Amour (Michael Haneke, 2012)

Amour podría haber sido la película más tierna de Haneke, incluso rozar lo sensiblero. Pero, nuevamente,  el director austriaco (riguroso creador de formas) -que deslumbró al público internacional con la bergmaniana La cinta blanca– opta por un drama sobrio e intimista y por una mirada nada complaciente sobre sus personajes y situaciones en que se ven envueltos. Y ese resulta ser el mayor mérito de Amour,  la forma de sortear el sentimentalismo de la historia de un matrimonio mayor retratado  en el momento en el que la esposa cae gravemente enferma y la mansión donde habitan se convierte en un improvisado hospital del cuerpo y la mente. De nuevo  los largos planos secuencia, la utilización inteligente del sonido y la luz (sin abusar de la música clásica como “leit motiv”) y, sobre, todo un acercamiento intenso y casi impúdico  a dos personajes, Anne (Emmanuel Riva) y Georges (Jean Louis Trintignant) que, con diálogos inteligentes y dosificando los momentos de dolor y humor, se ven obligados a encarar la “muerte”, un tema ya capital en otras obras suyas como la mencionada La cinta blanca o El tiempo del lobo . Dos intérpretes míticos en la historia del cine francés y universal que dan lo mejor de sí mismos sin necesidad de grandes aspavientos gracias a un guión sabiamente construido.  Haneke no se anda, como casi nunca lo hace, con medias tintas, y opta por mostrar las dificultades de relación y comunicación que surgen entre dos seres que han vivido siempre juntos y en una “armonía” demasiado perfecta. Una relación en que el  “personaje  enfermo” se convierte (en cierto sentido) en la parte “más fuerte” del relato frente al desconcierto del marido incapaz de asistir impasible al implacable deterioro físico y mental de su esposa.

El director de El video de Benny vuelve a convertir lo cotidiano en inquietante, lo doméstico en salvaje, pero al centrarse sobre todo en la actuación de los dos personajes principales da una cierta calidez humana a un relato  nada novedoso pero contado con una mezcla de contención, impiedad  y sinceridad apabullantes.
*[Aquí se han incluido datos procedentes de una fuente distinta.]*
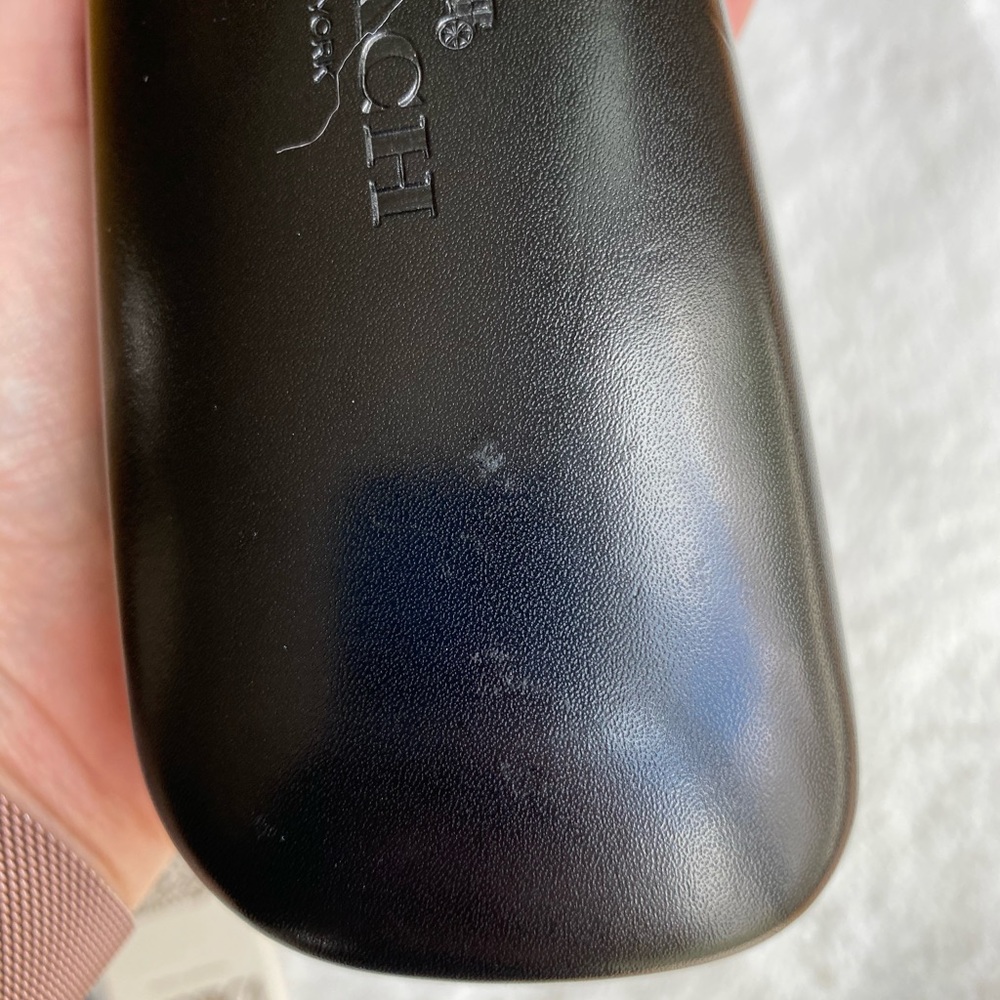 (Sold) Coach eyeglasses case - Picture 7 of 9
Otros  personajes de la historia, no obstante, quedan algo desdibujados como el de la hija de ambos  (encarnado por Isabelle Huppert), la cuidadora o ese joven concertista de piano  que parece enviado del mundo exterior (y del principio de la historia)  para irrumpir con su música y su insultante juventud  en un  microcosmos maduro, decadente  y  desgarrado. Un drama de dos personajes que se mueven durante casi todo el metraje del filme  en el interior de una elegante casa que el director de Código desconocido descompone en fragmentos a través de una primorosa planificación al igual que descompone los recuerdos, las costumbres, las inquietudes culturales y humanas   y las expectativas de futuro de unos seres superados por las circunstancias.
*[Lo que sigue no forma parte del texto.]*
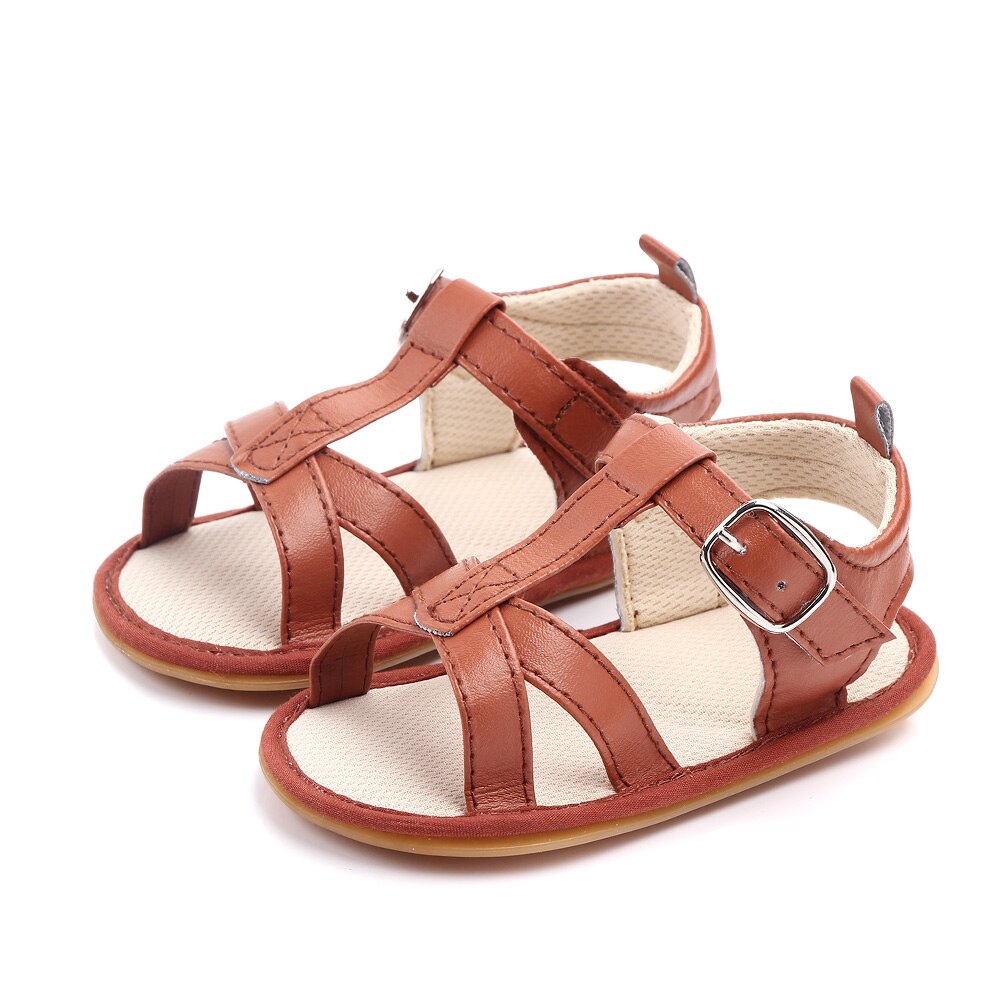bébé sandales chaussures en caoutchouc souple semelle bébé garçon sandales chaussures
Haneke no escatima detalles sobre la evolución de la enfermedad de la protagonista femenina pero elude el tremendismo incluyendo momentos de paz y una extraña mezcla de espiritualidad y fisicidad en la relación entre estos dos pianistas ancianos. La enfermedad es el tercer gran personaje de la historia.  Como  los jóvenes psicópatas de Funny Games o las misteriosas cintas de vídeo domésticas de Caché su  aparición  viene a perturbar la paz de un hogar aparentemente modélico, sacando lo peor y lo mejor de cada uno de los personajes.  El realizador toca con acierto, pero sin profundizar en ellos, temas como la sexualidad en la vejez, la eutanasia, la labor del cuidador y las rutinas, servidumbres  y recompensas del Amour con mayúsculas.